The Cabildo Museum
Jackson Square – New Orleans, LA
History – The Cabildo Museum is the sister building of the Presbytere, which bracket the world famous St. Louis Cathedral. These three historic icons are the heart of the French Quarter in Jackson Square in New Orleans, Louisiana. After the original building was destroyed by the Great Fire of 1788, it was rebuilt in 1794 and the structure remains today. The city council which resided in the building at the time was referred to as the “Illustrious Cabildo,” and the building adopted their name. The Cabildo is most famous for being the site of the signing of the Louisiana Purchase in 1803. The structure was also home to the Louisiana Supreme Court from 1868-1910. It was the site of several major United States court cases including Plessy v. Ferguson, which established the law of “separate but equal.” In 1911, the building was purchased by the state and remains today as a museum dedicated to the history of Louisiana.

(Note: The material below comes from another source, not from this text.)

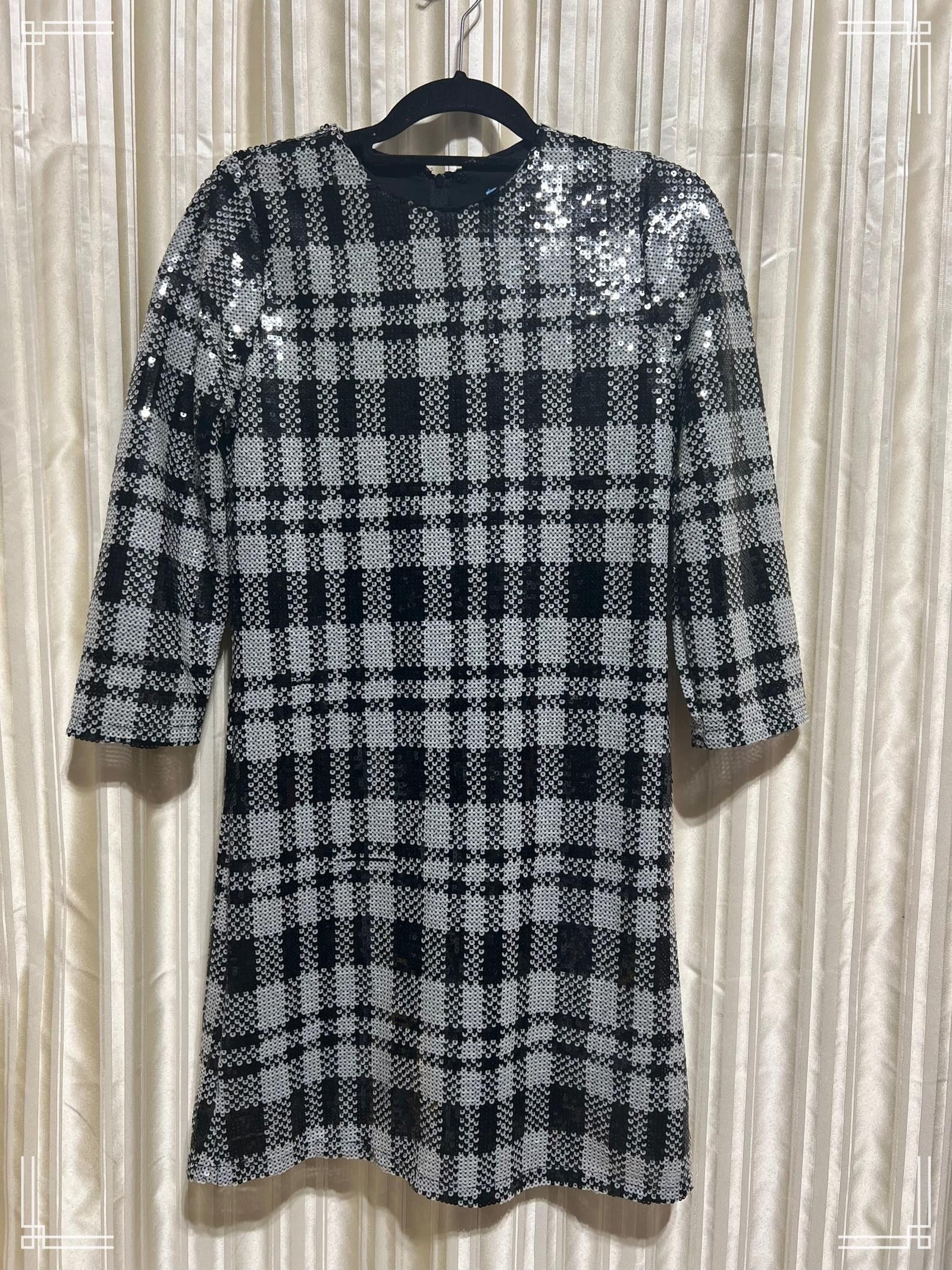 Designer Draper James RSVP Plaid Sequin Mini Dress Size 4 Size S / US 4 / IT 40 - 1 Thumbnail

The Lathan Company performed a complete exterior renovation of the Cabildo’s sister building, Presbytere, in 2004-2005. Shortly after finishing the project, Hurricane Katrina struck the city of New Orleans. Cabildo, the elder of the two buildings, did not fare as well as Presbytere when the storm hit. While Presbytere’s newly completed slate roof received no damage, Cabildo sustained substantial damage to its roof. Because of the outstanding performance with the Presbytere, the Lathan Company was selected to restore the damaged slates, copper flashings and gutter systems around each of the decorative dormers on the Cabildo. Lathan’s restorations assures that the Cabildo will be ready to withstand the next hurricane.
With the completion of the Cabildo roof repairs in 2007, Lathan now has completed restoration of three of the five historic structures (Upper Pontalba, Cabildo Museum, & Presbytere Museum) which surround Jackson Square in the heart of the French Quarter.